Great find! And there are a couple of pages on the alleged theology of _merit in the garden _that alone are worth the price admission.


----------



## SemperEruditio (Nov 13, 2009)

jogri17 said:


> SemperEruditio said:
> 
> 
> > "What Do Presbyterians Believe?" by Gordon Clark is available for free at
> ...



Robbins reading Clark's book is dangerous?

Please tell me what is wrong with Clark's book. It is not helpful to tell me there are some good and some bad and then forget to mention whether the book/mp3's mentioned fall into either category.


----------



## Dearly Bought (Nov 13, 2009)

westminken said:


> You might want to get Sinclair Ferguson's lecture set on CD from wtsbooks.com.



Definitely second this recommendation. Edifying, informative, and I could listen to his voice all day. There's just something about a Scottish accent...

-----Added 11/13/2009 at 03:29:54 EST-----



Ron said:


> Wayne said:
> 
> 
> > Something new: just picked up (and paid for!) a copy of Robert Letham's latest--_The Westminster Assembly: Reading Its Theology in Historical Context_ (P&R, 2009), 399pp.
> ...



Any more info on this?
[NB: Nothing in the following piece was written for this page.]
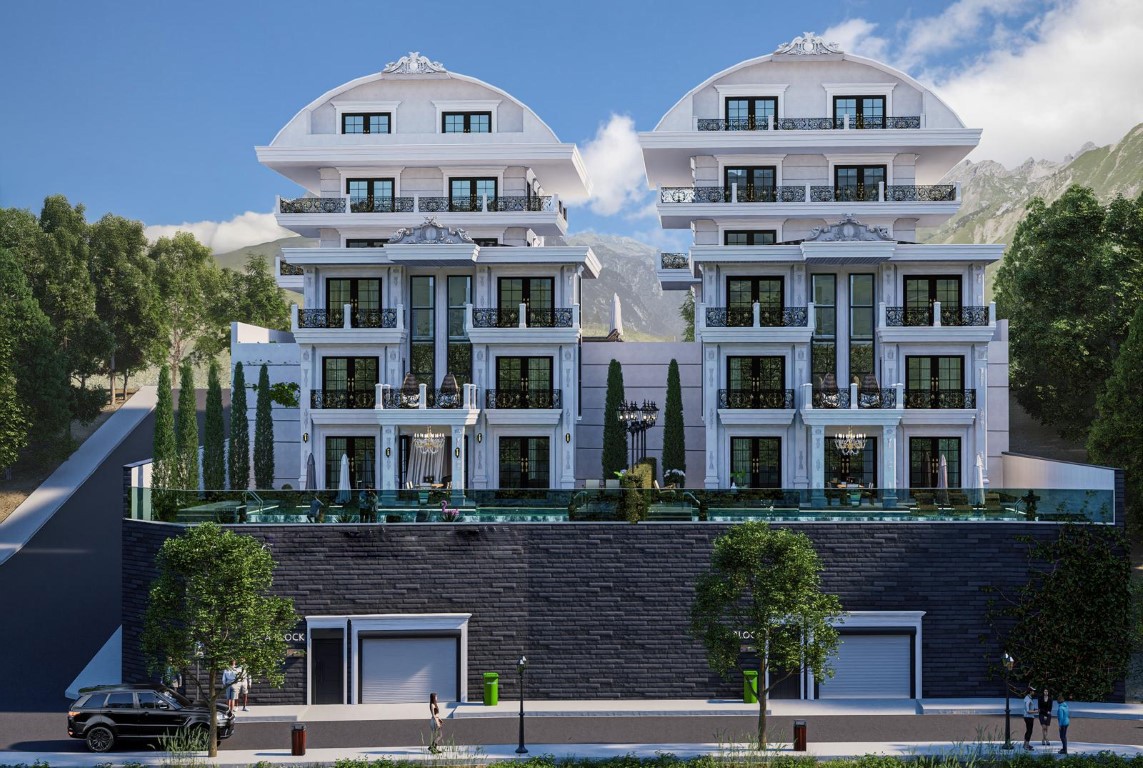 Просторная вилла с панорамным видом на море в районе Тепе, Аланья.  - Фото 4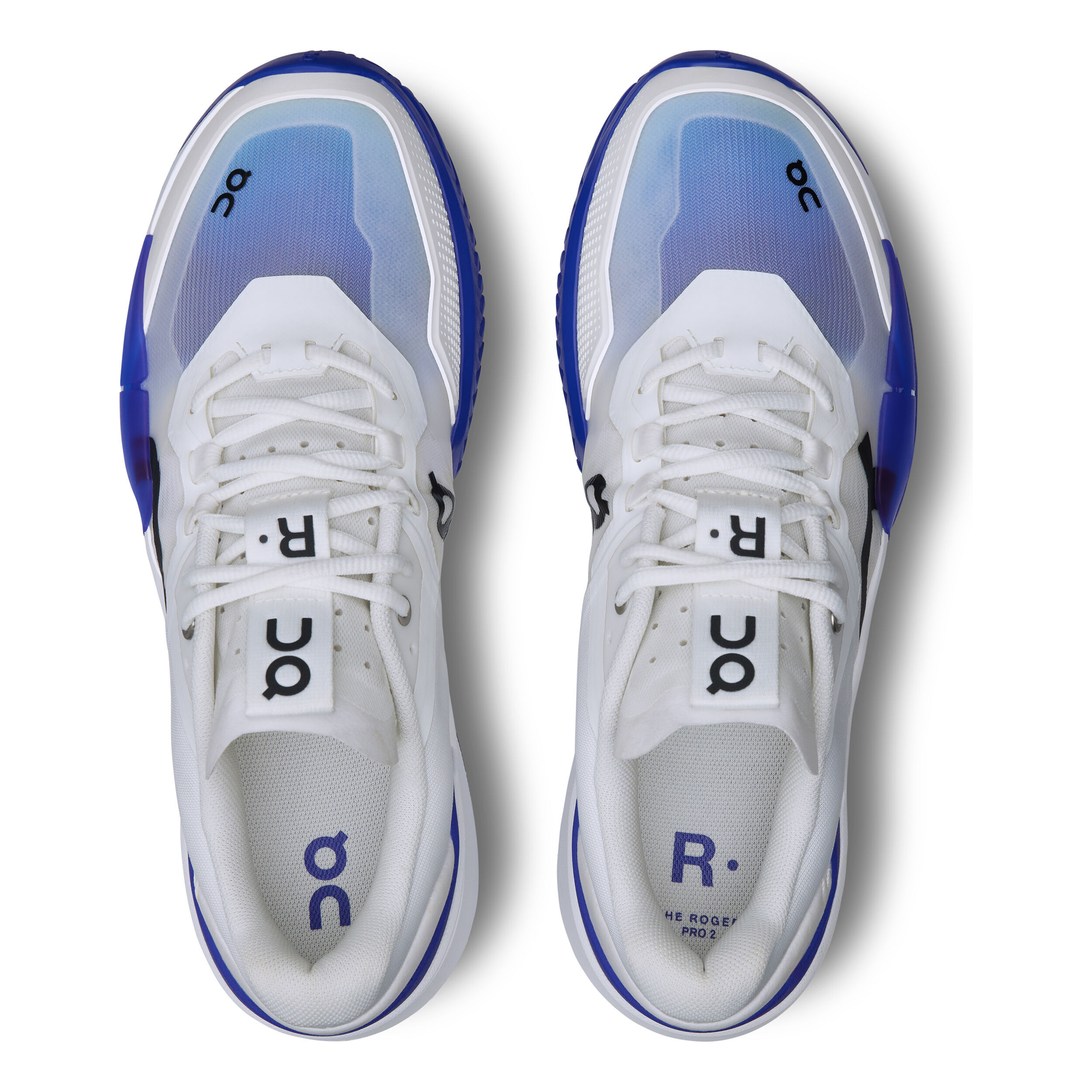 The Roger Pro 2 Allcourtschuh Herren - Weiß, Dunkelblau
Am I correct to guess that Kline is critiqued?


----------



## Notthemama1984 (Nov 13, 2009)

The Fergueson can be downloaded from wts.edu. You simply have to sign up for free. 

Westminster Theological Seminary - Audio Archive Sign-up


----------



## Ron (Nov 13, 2009)

Dearly Bought said:


> westminken said:
> 
> 
> > You might want to get Sinclair Ferguson's lecture set on CD from wtsbooks.com.
> ...



Oh yes, Kline is critiqued.

Ron


----------